▶ **Excerpted data**:

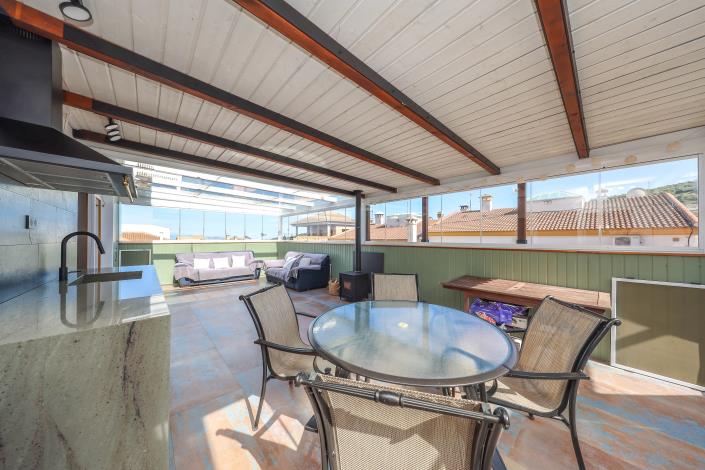 Image No.26-1 Bed Townhouse for sale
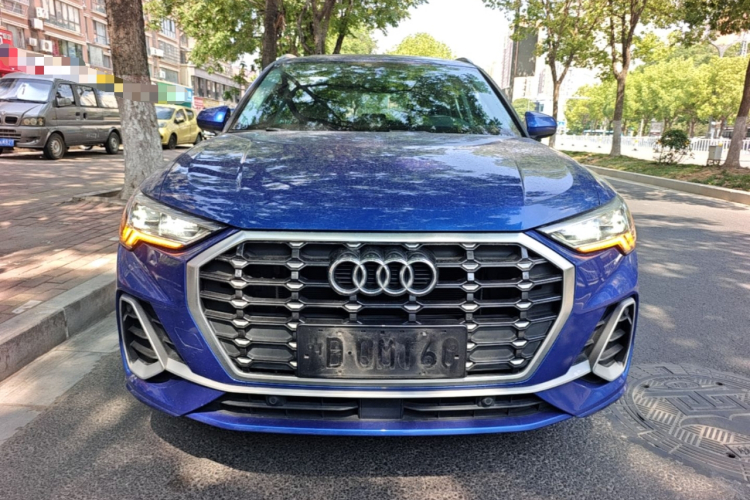 Audi Q3 2019 #3 Audi Q3 2019 car image #3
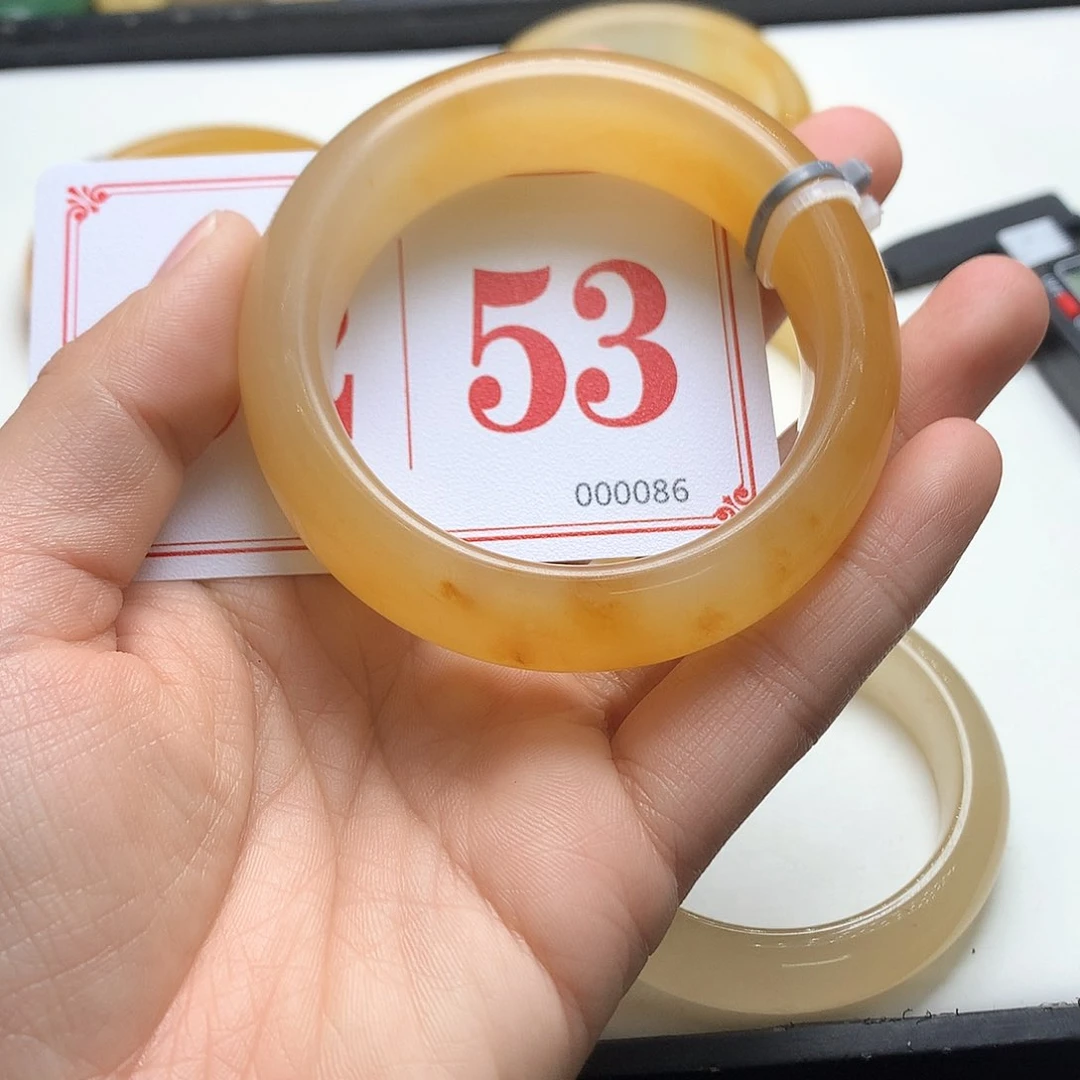 未镶嵌石英质玉（黄龙玉）手镯用****7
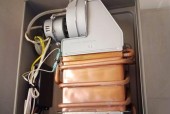 老板热水器漏水的危险与维修方法（热水器漏水带来的潜在危害及解决办法）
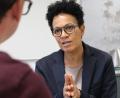 Bild: Gerhard Götz
Die preisgekrönte Autorin Mo Asumang stellt sich den Fragen von Oberpfalz-Medien. Die 55-Jährige hat im Oktober den Alfred Müller-Felsenburg-Preis für aufrechte Literatur bekommen. 2016 erschien im Fischer-Verlag das Buch „Mo und die Arier: Allein unter Rassisten und Neonazis“, das mehrfach auf der Spiegel-Bestsellerliste war.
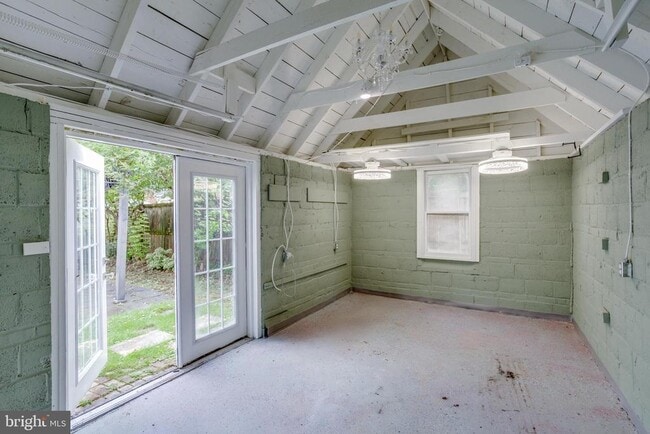 Building Photo - 3404 8th St S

▶ **Task objective**:
Drop the images and copy all the data exactly.

▶ **Answer to the problem**:
 Image No.26-1 Bed Townhouse for sale
 Audi Q3 2019 #3 Audi Q3 2019 car image #3
 未镶嵌石英质玉（黄龙玉）手镯用****7
 老板热水器漏水的危险与维修方法（热水器漏水带来的潜在危害及解决办法）
 Bild: Gerhard Götz
Die preisgekrönte Autorin Mo Asumang stellt sich den Fragen von Oberpfalz-Medien. Die 55-Jährige hat im Oktober den Alfred Müller-Felsenburg-Preis für aufrechte Literatur bekommen. 2016 erschien im Fischer-Verlag das Buch „Mo und die Arier: Allein unter Rassisten und Neonazis“, das mehrfach auf der Spiegel-Bestsellerliste war.
 Building Photo - 3404 8th St S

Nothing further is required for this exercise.